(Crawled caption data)
══════════
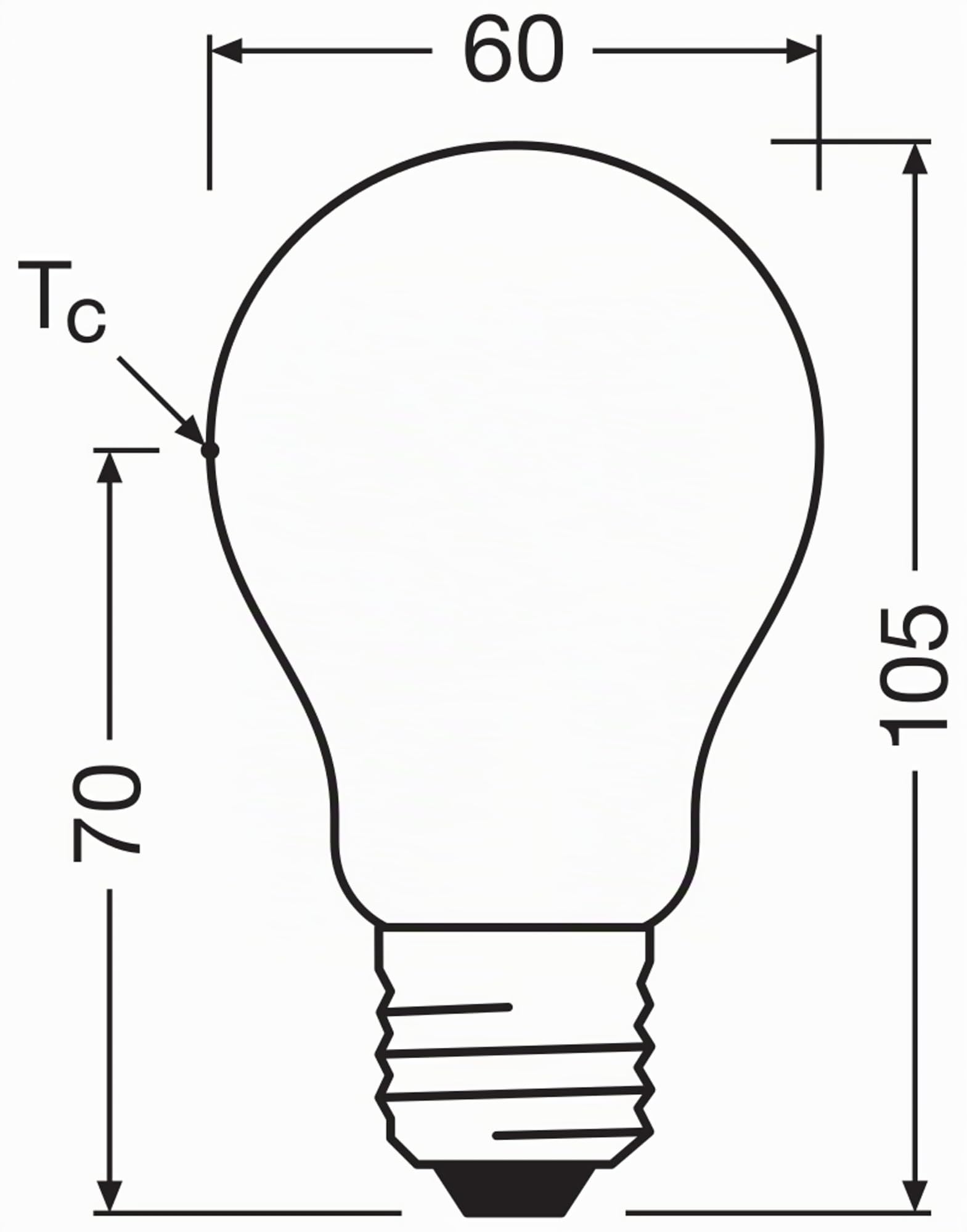 ams OSRAM SMART+ Classic A LED-Lampe E27 40W dimmbar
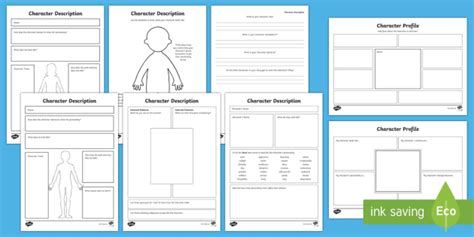 Design a Character Template Activity Set (Teacher-Made)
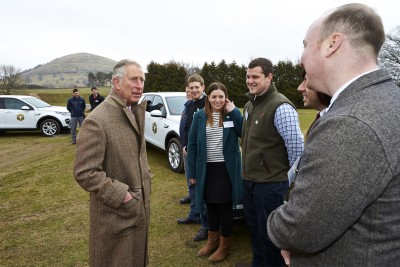 Prince of Wales with Cumbrian farmers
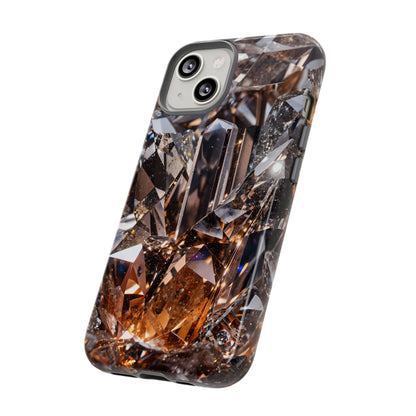 Crystalline Phone Case – Healing Crystal Quartz Design for iPhone, Samsung Galaxy, and Google Pixel Devices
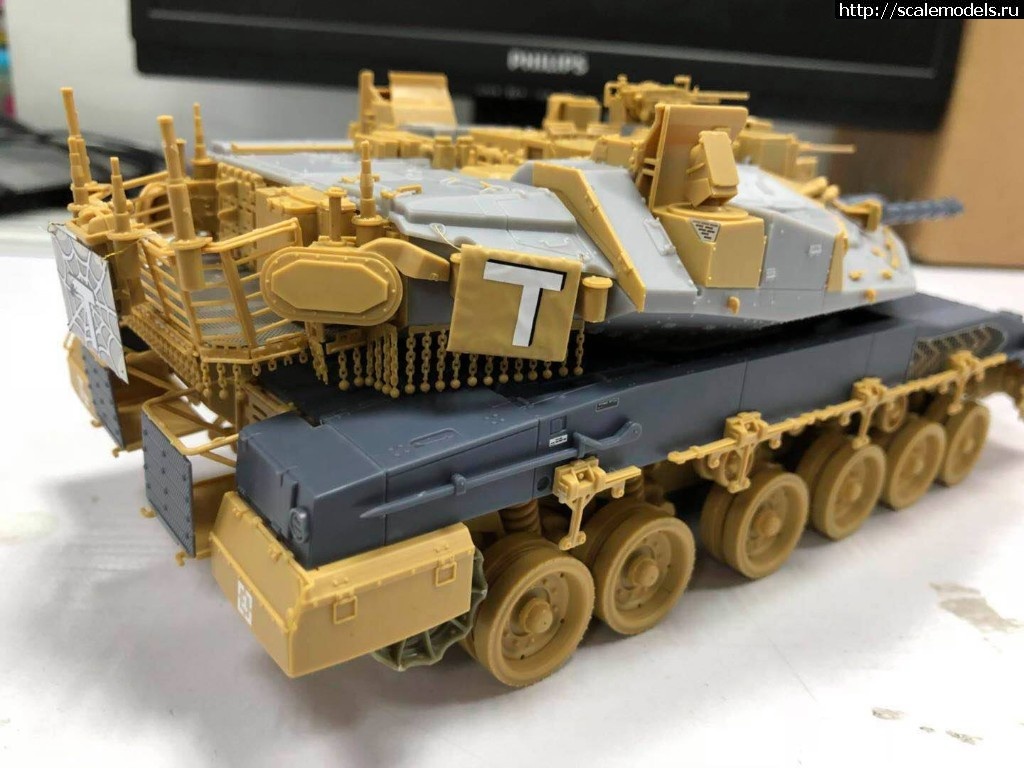 1516087003_26850019_1583116255135026_6040394474131367097_o.jpg :  Meng 1/35 Merkava Mk.4M w/Trophy APS  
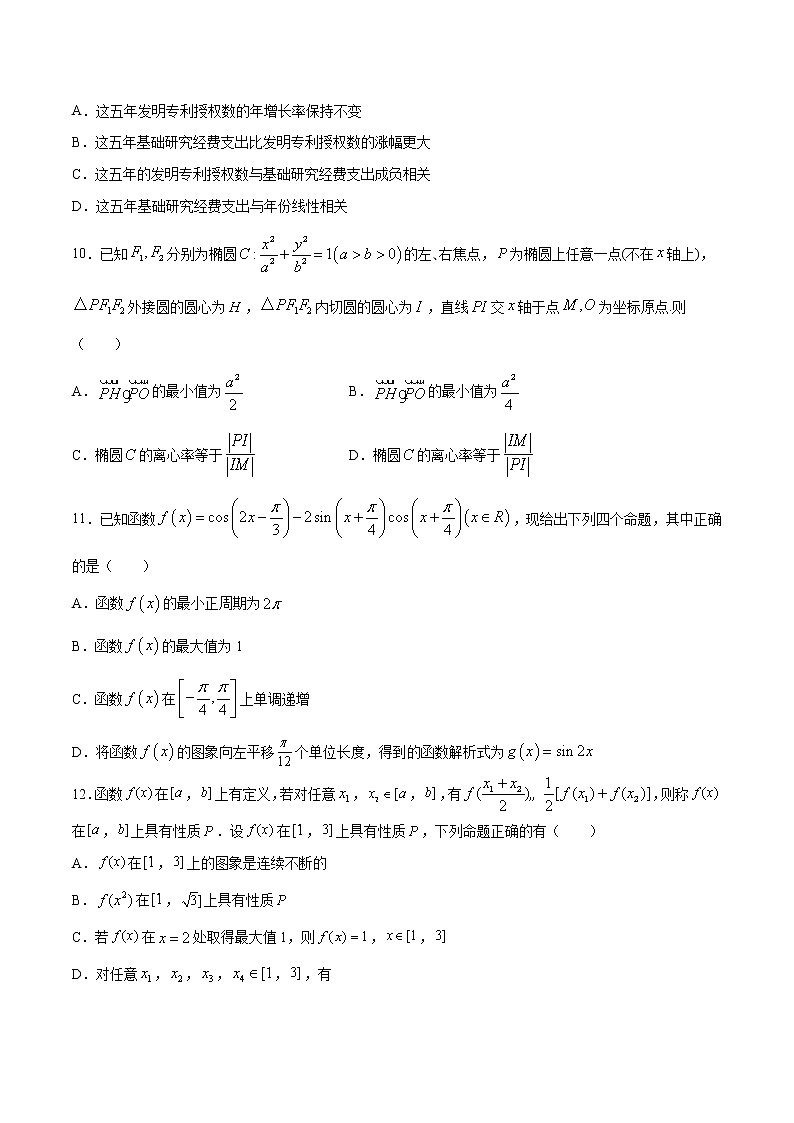 高中数学高考命题卷（11） 决胜2021新高考数学命题卷（新高考地区专用）（原卷版）03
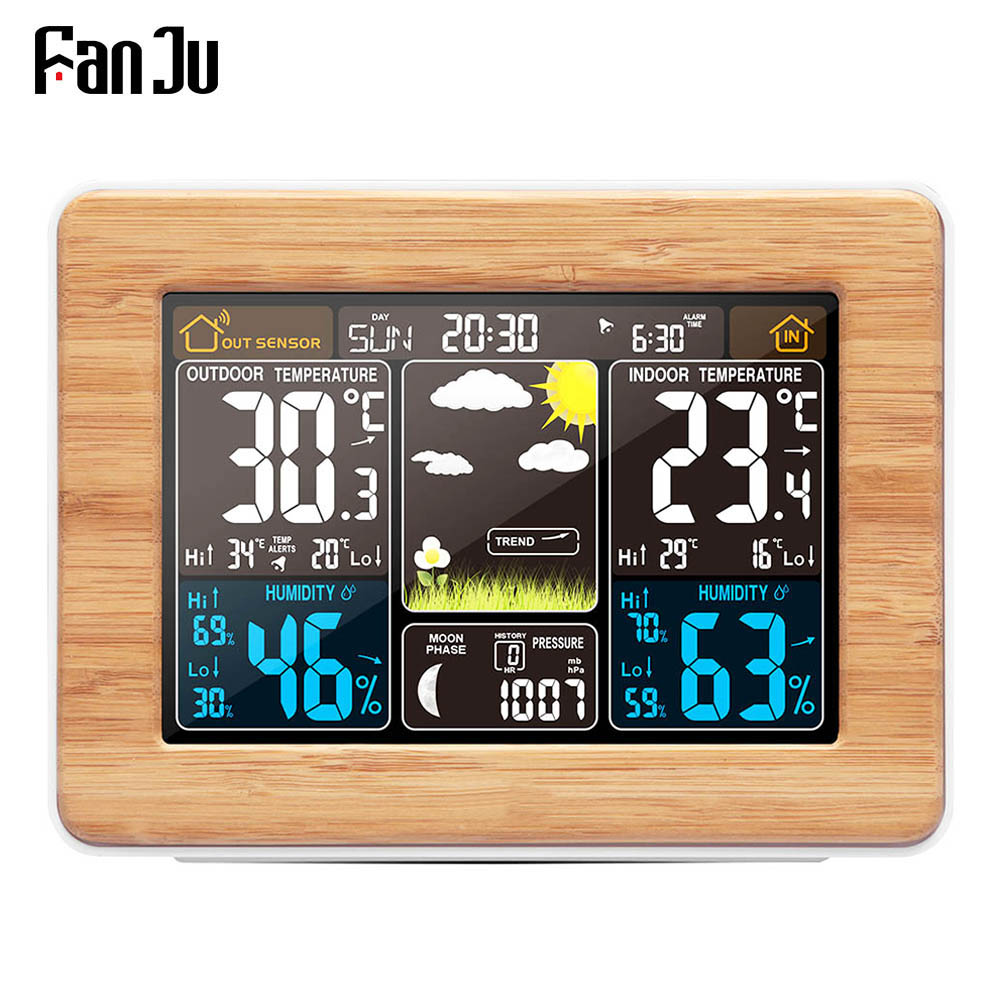 FanJu budzik cyfrowy temperatu – Weather Station Indoor recenzja i cena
══════════
Instructions to follow
The images are to be left out while the entries are written out exactly.

Exercise result
 ams OSRAM SMART+ Classic A LED-Lampe E27 40W dimmbar
 Design a Character Template Activity Set (Teacher-Made)
 Prince of Wales with Cumbrian farmers
 Crystalline Phone Case – Healing Crystal Quartz Design for iPhone, Samsung Galaxy, and Google Pixel Devices
 1516087003_26850019_1583116255135026_6040394474131367097_o.jpg :  Meng 1/35 Merkava Mk.4M w/Trophy APS  
 高中数学高考命题卷（11） 决胜2021新高考数学命题卷（新高考地区专用）（原卷版）03
 FanJu budzik cyfrowy temperatu – Weather Station Indoor recenzja i cena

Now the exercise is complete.